Vale a pena notar que essas anormalidades podem ocorrer aleatoriamente em um feto de pais cromossomicamente normais, mas várias também são transmitidas entre gerações. Por exemplo, se sua mãe tem um cromossomo X anormal, você tem 50% de chance de herdar esse cromossomo X irregular, aponta o Instituto Nacional de Saúde.
Existem também doenças raras e hereditárias de um único gene, como a síndrome do X frágil, a fibrose cística (FC) e a doença de Tay-Sachs, que podem levar a problemas genéticos e potencialmente causar problemas de fertilidade.
Endometriose e miomas têm múltiplas causas
Não há uma resposta definitiva sobre o quanto a endometriose é resultado da genética. Essa condição é considerada multifatorial, o que significa que há fatores ambientais, herdados e adquiridos em jogo.
Com a endometriose, a genética é incompletamente compreendida. Provavelmente há vários genes envolvidos, por isso é difícil identificar essa causa genética específica. “Em geral, há um risco aumentado se você tiver familiares de primeiro grau com endometriose. Se, por exemplo, sua mãe ou irmã tem endometriose, você tem aproximadamente cinco a sete vezes mais chances de ser diagnosticada com a doença do que uma mulher que não tem um parente próximo a ela com endometriose”, diz Pedro Peregrino.
O mesmo vale para os miomas, que são tumores pequenos e benignos que crescem no interior da cavidade uterina e impedem a fixação do embrião. Se sua mãe ou irmã tem miomas, você tem um risco ligeiramente maior de tê-los também – mas, novamente, não é uma garantia. E certas populações, como a negra, são cerca de três a quatro vezes mais propensas a desenvolver miomas uterinos.

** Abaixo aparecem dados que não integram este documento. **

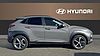 Hyundai KONA 1.0T GDi Blue Drive Premium 5dr Petrol Hatchback Grey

A idade da menopausa tende a se repetir nas famílias
A idade e a velocidade com que os óvulos declinam provavelmente também têm um componente genético. Alguns especialistas acreditam que a idade em que sua mãe experimentou a menopausa é um dos melhores preditores de quando você passará pela menopausa.
“A idade da menopausa tende a se correlacionar muito bem entre os membros da família. Se você tem um membro da família que passou pela menopausa mais cedo, corre um risco maior de sofrer da mesma perda precoce do potencial reprodutivo”, alerta o diretor da Clínica Venvitre.
Algumas mulheres experimentam insuficiência ovariana primária, na qual a menopausa começa antes dos 40 anos. Pesquisas descobriram que em 10% a 15% dos casos de menopausa precoce, havia um membro imediato da família com a doença.
Síndrome do ovário policístico geralmente é uma condição genética
A síndrome do ovário policístico (SOP), um desequilíbrio hormonal que causa cistos e períodos irregulares, é uma das causas mais comuns de infertilidade. Estudos mostraram que a SOP é fortemente influenciada pela genética, embora também haja contribuições ambientais.
“Definitivamente há uma predisposição genética para SOP que é provavelmente maior do que a de endometriose e a de miomas. Alguns estudos mostraram que até 40% das irmãs podem ter alterações hormonais semelhantes ou problemas consistentes com a SOP”, diz o diretor da Venvitre.